笙 さんの感想・評価
4.3
物語 : 4.5
作画 : 4.0
声優 : 4.5
音楽 : 4.0
キャラ : 4.5
状態:観終わった
主役になれない主人公
ヒーローに憧れて三年、腕立て腹筋スクワット百回ずつに
十キロのランニングを毎日やり続けどんな敵をもワンパンで粉砕する
空前絶後の身体能力を手に入れた主人公。
熱いドラマに満ちたヒーロー生活に憧れていたのに、
いざその力を手にしてみればどいつもこいつもワンパンで終わりやがる。
いつしか戦い続ける毎日が無味乾燥に色褪せ、感情が死んでいく事すら
自覚する「つまらない強さ」に苦悩する異色中の異色ヒーロー。
それがワンパンマンことサイタマなのです。
ワンパン。それ故に彼は常に孤独だったのです。
一瞬の決着。
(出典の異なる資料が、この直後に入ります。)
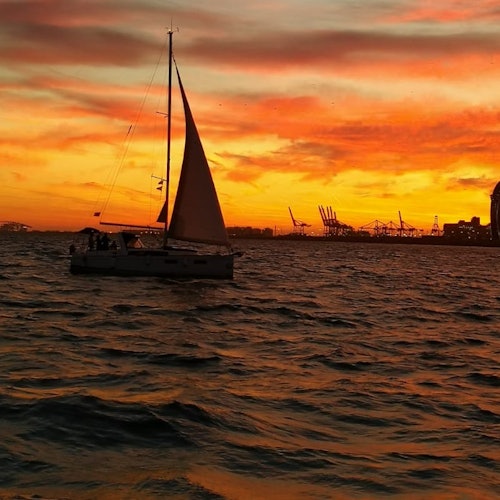 Barcelona: Paseo en Velero al Atardecer + Copas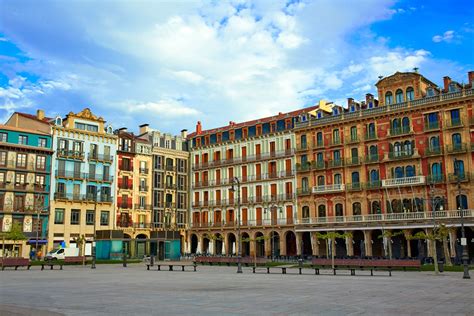Pamplona Pictures | Photo Gallery of Pamplona   High ...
だから誰が倒したのか、誰が助けてくれたのか、誰も知らない。
それ故に、自己満足に趣味のヒーロー業を続けながらも、
彼は彼に守られ続ける市井の人々には認知もされぬまま繋がりも無く、
ただ敵を一撃で粉砕する「作業」に没頭するだけだったのです。
そんな彼に微かな変化を与えるのが「ヒーロー協会」の面々。
弱くても、敵わなくても、必死に抗い続けるプロのヒーロー達。
力なき人々の声援を、或は罵声を一身に受けつつも
常に矢面に立ち悪に立ち向かう事をやめない人々。
それはサイタマが忘れかけていた感情。嘗て切に憧れた筈の自分の姿。
メカっぽい弟子やチャリ通勤の友人もでき、
死にかけていた感情が少しずつ刺激されているのが画面越しに伝わりました。
絶対的な力を持ちながら決して救われない孤独なヒーロー。
私はサイタマがヒーローとして救われる未来を願わずにいられません。
ヒーロー達がサイタマにどんな影響を与えて行くのか、
第二期を楽しみにさせて頂きます。